DESCRIPTION OF THE TASK: Return only the lines below starting at the line containing "a Fifa-mandated break." and ending at the line containing "3019 Winding Creek", both included, exactly as they are and with no pictures.

[TASK DATA — start]

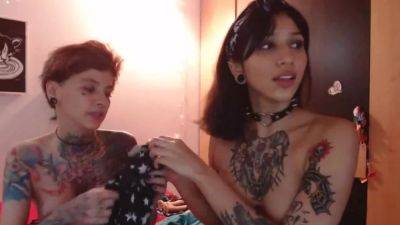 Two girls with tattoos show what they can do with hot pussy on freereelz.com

[TASK DATA — finish]
[TASK DATA — start]

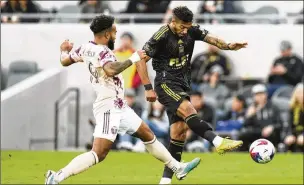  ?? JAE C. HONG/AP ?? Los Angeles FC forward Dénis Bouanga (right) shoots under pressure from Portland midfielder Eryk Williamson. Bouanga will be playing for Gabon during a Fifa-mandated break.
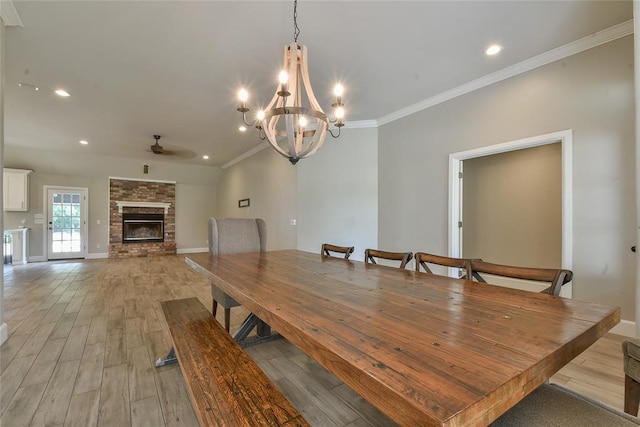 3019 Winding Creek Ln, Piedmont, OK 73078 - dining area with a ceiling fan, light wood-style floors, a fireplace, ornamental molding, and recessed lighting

[TASK DATA — finish]

YOUR SOLUTION:
  ?? JAE C. HONG/AP ?? Los Angeles FC forward Dénis Bouanga (right) shoots under pressure from Portland midfielder Eryk Williamson. Bouanga will be playing for Gabon during a Fifa-mandated break.
 3019 Winding Creek Ln, Piedmont, OK 73078 - dining area with a ceiling fan, light wood-style floors, a fireplace, ornamental molding, and recessed lighting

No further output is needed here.